Compilation album by Grace Jones
- Released: 16 June 1998
- Recorded: 1980–1982; 1985; 1987;
- Genres: Dub; new wave; dance; R&B;
- Length: 152:37
- Label: Island
- Producers: Alex Sadkin; Chris Blackwell; Trevor Horn; Stephen Lipson;

Grace Jones chronology
| The Ultimate (1993) | Private Life: The Compass Point Sessions (1998) | The Universal Masters Collection (2003) |

= Private Life: The Compass Point Sessions =

Private Life: The Compass Point Sessions is a compilation album consisting of recordings by recorded by Jamaican singer and songwriter Grace Jones released in 1998 by Island Records. The two-disc anthology consists mostly of material pulled from 1980–1982 recording sessions.

==Background, production and release==
Grace Jones recorded three albums with Sly and Robbie, Wally Badarou, Barry Reynolds, Mikey Chung and Uziah "Sticky" Thompson, the Compass Point Allstars, a studio band named after the legendary Compass Point Studios, Nassau, Bahamas during the period of 1980–1982; Warm Leatherette, Nightclubbing and Living My Life. Private Life: The Compass Point Sessions includes a selection of tracks from the recording sessions for those albums. It collects what is generally regarded to be Jones' best work and also offers a well-researched essay included in the album sleeve. The album includes two previously unreleased songs from the Living My Life sessions: "Man Around the House" and a demo recording of Johnny Cash's 1963 classic "Ring of Fire". Other rarities are "Living My Life", a single-only song, not available on any previous album, and Joy Division's "She's Lost Control", released only as the B-side for "Private Life".

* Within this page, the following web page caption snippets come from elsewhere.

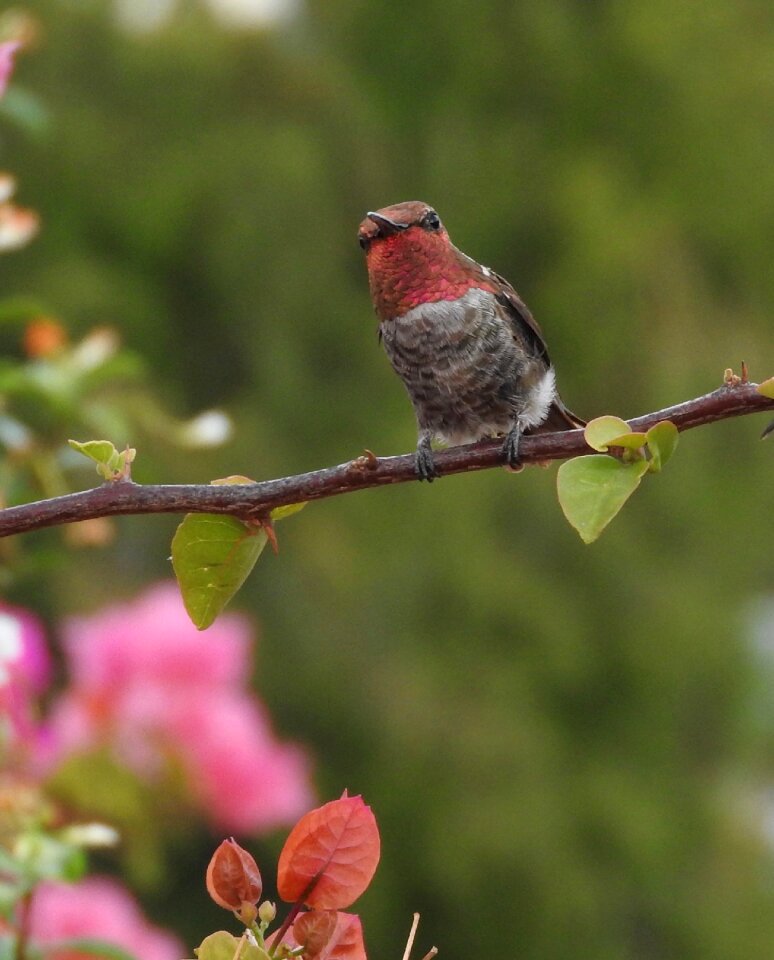 Anna's hummingbird bird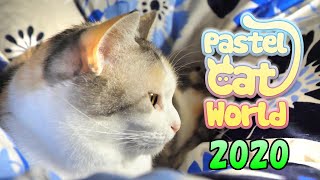 Pastel Cat World 2020が始まります！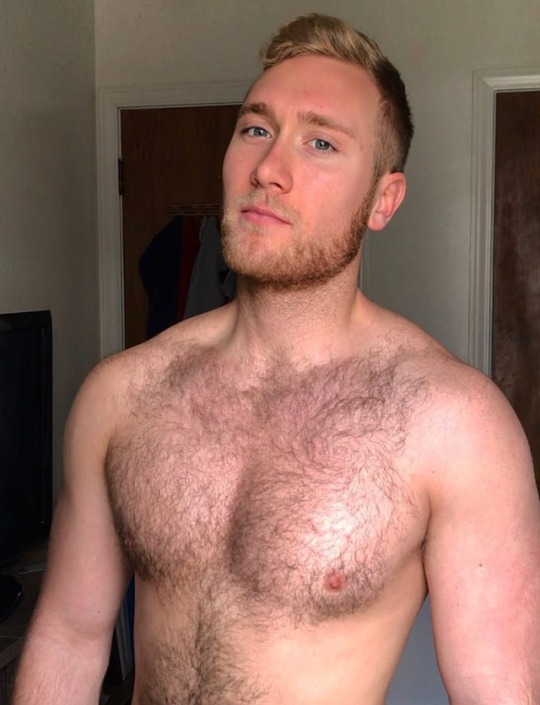 furrytrade:  Follow both of my blogs @ http://furrytrade.tumblr.com/ & http://dirtyrabbithole.tumblr.com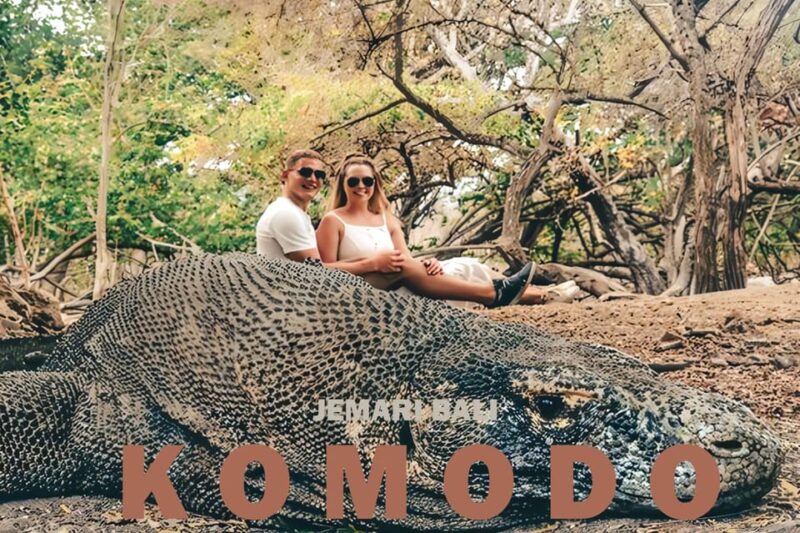 Komodo Tour: 4 Day Private Tour With Overnight Boat & Hotel - Important Information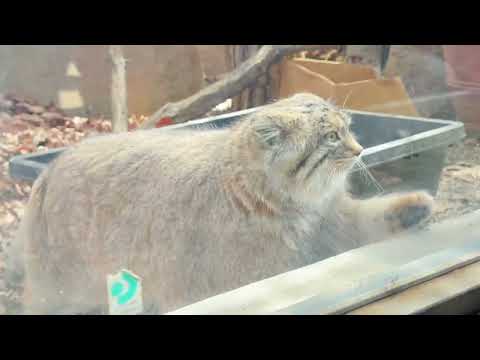 ガラス前 何箇所でもポーズ取ってくれるオリーヴァちゃん　マヌルネコ　埼玉県こども動物自然公園にて　2026年3月7日 サムネイル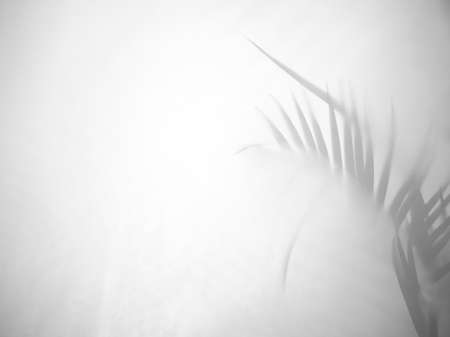 Tropical palm leaf shadow on white wall background. Copy space.の写真素材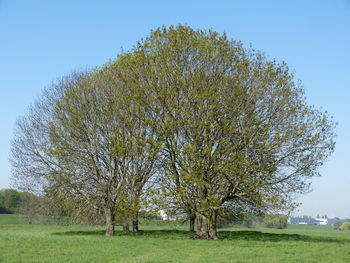 Trees on field against clear sky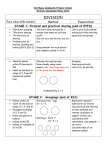 Calculation Policy - Division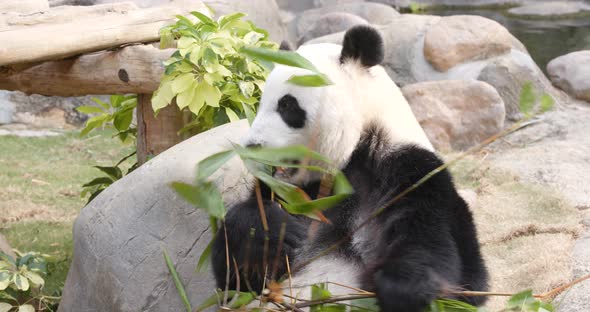 Panda eating bamboo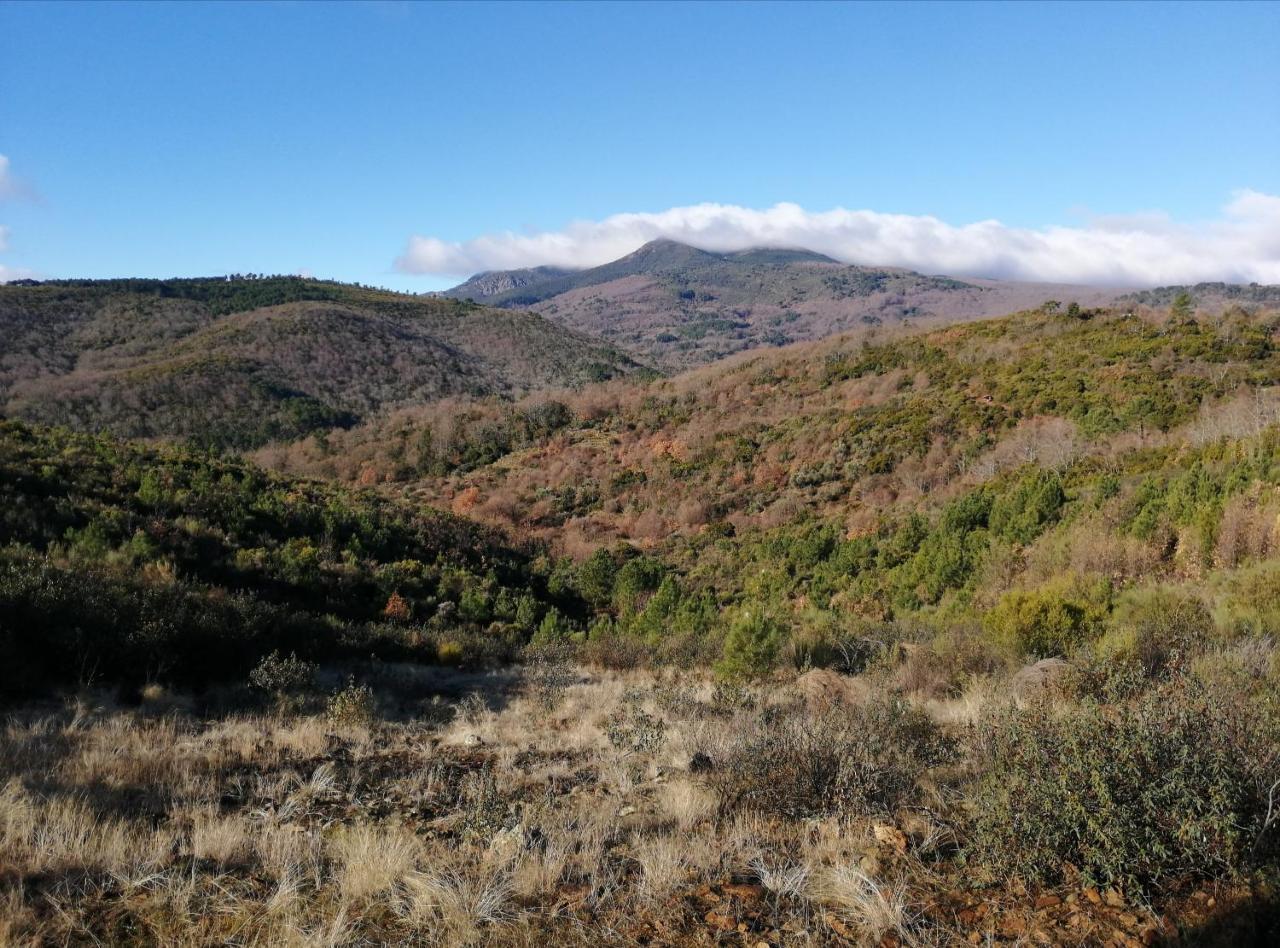Casa Rural Mirador Del Valle Cepeda Dış mekan fotoğraf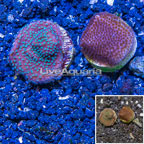 LiveAquaria® Two Pack Cultured Montipora Coral (click for more detail)
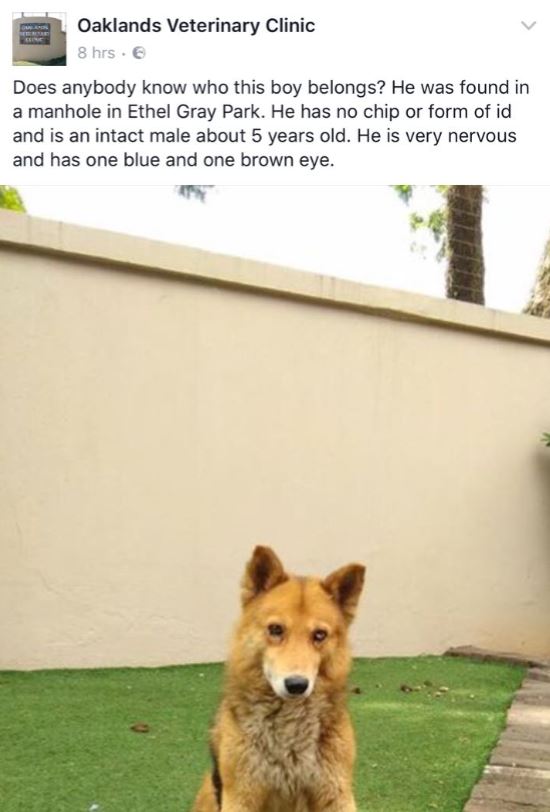 Found dog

Private Life: The Compass Point Sessions contains long and extended version of Jones' hits, and although the CD booklet claims that these have not been issued before, most of them have in fact appeared on numerous CD re-issues around the world. Other tracks were remixed or re-edited by the PolyGram/Universal engineers in 1998 for this particular compilation, instead of using the many existing long or extended versions by original producers Chris Blackwell and Alex Sadkin that were released on vinyl in 1980–1982. The track "Living My Life" appears as an edited remix by Paul "Groucho" Smykle—dating from 1986, which the liner notes fail to mention. Another anomaly on the album is that it concludes with "Slave to the Rhythm", a track which was recorded in 1985, in London and with British producer Trevor Horn. Also the mix used, here renamed "Hot Blooded Version", is again an alternate 1998 re-mix/re-edit of the original 12" version entitled "Blooded".

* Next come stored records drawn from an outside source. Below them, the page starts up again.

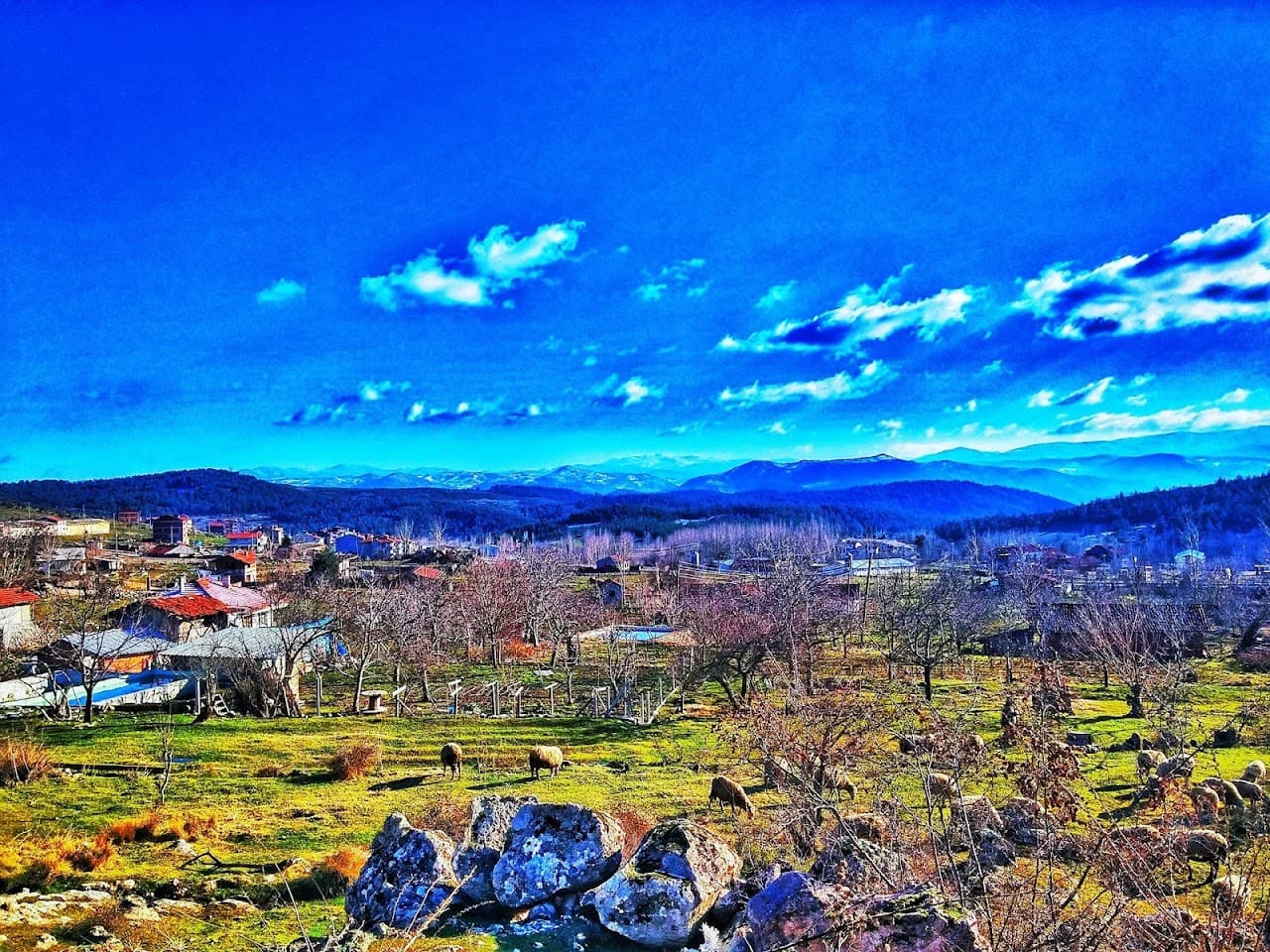 Dursunbey Belediyesi 5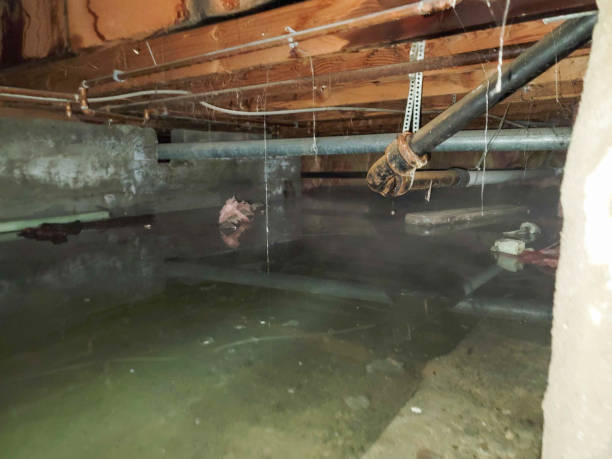 Best Sewage cleanup and water damage restoration  in Baxter Estates, NY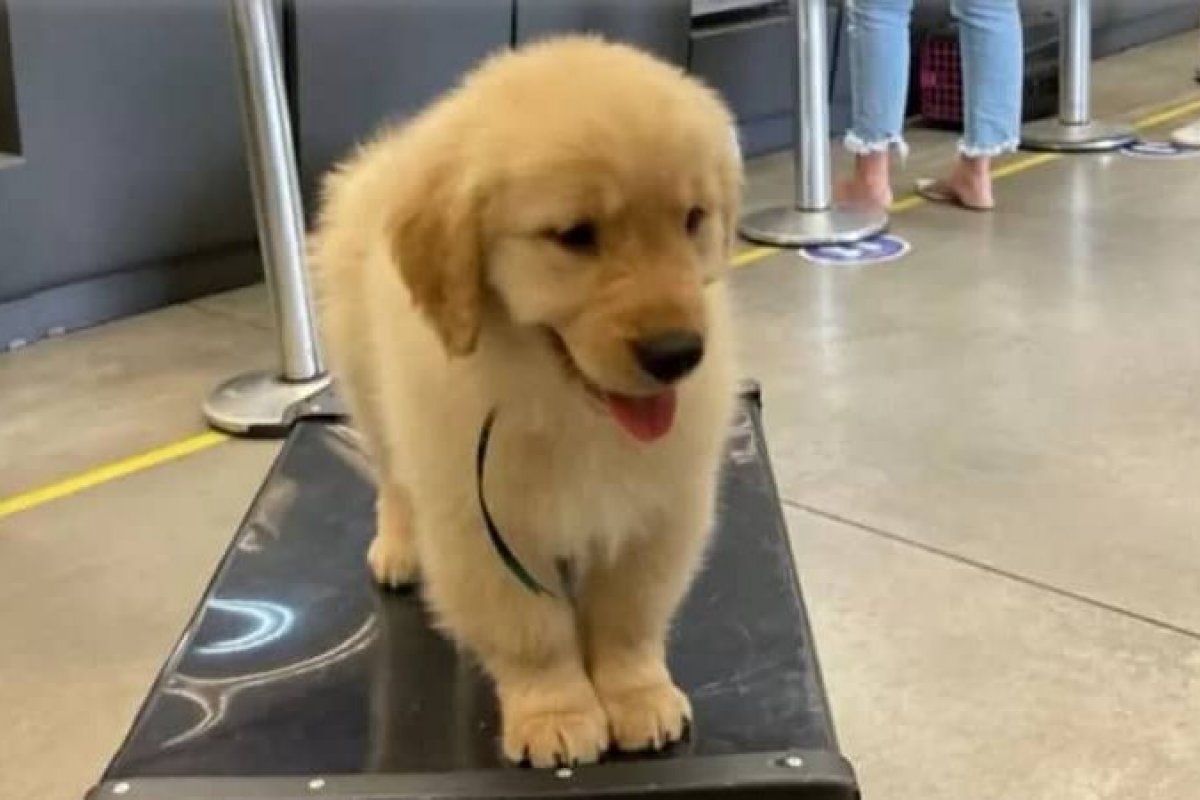 Cachorro morre após voo entre SP e RJ e dona responsabiliza companhia aérea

For the Brazilian edition of the album, the "Best of" title was added to the original artwork.

==Critical reception==

The album receive favorable reviews from music critics. Stephen Thomas Erlewine from AllMusic website, gave the album four out of five stars and wrote that the album "unquestionably [has] Jones' best material" mainly because "she was supported by a top-notch studio band and produced by Sly Dunbar and Robbie Shakespeare". He opined that the album was of interest primarily to die-hard fans because casual hard fans will think that it has "too much Grace Jones in one place". Music critic Tom Hull gave the album a B+ (or three stars out of five) and wrote that the song "Bullshit" was the "major lost" in the album. Sasha Frere-Jones from SPIN magazine gave the album a favorable review and wrote that its songs "capture the vibe of early 1980's demilitarized zone between disco and hip hop".

Professional ratings
Review scores
| Source | Rating |
| AllMusic | Star |
| Tom Hull – on the Web | B+ () |

==Track listing==
Information taken from Apple Music, AllMusic and Spotify.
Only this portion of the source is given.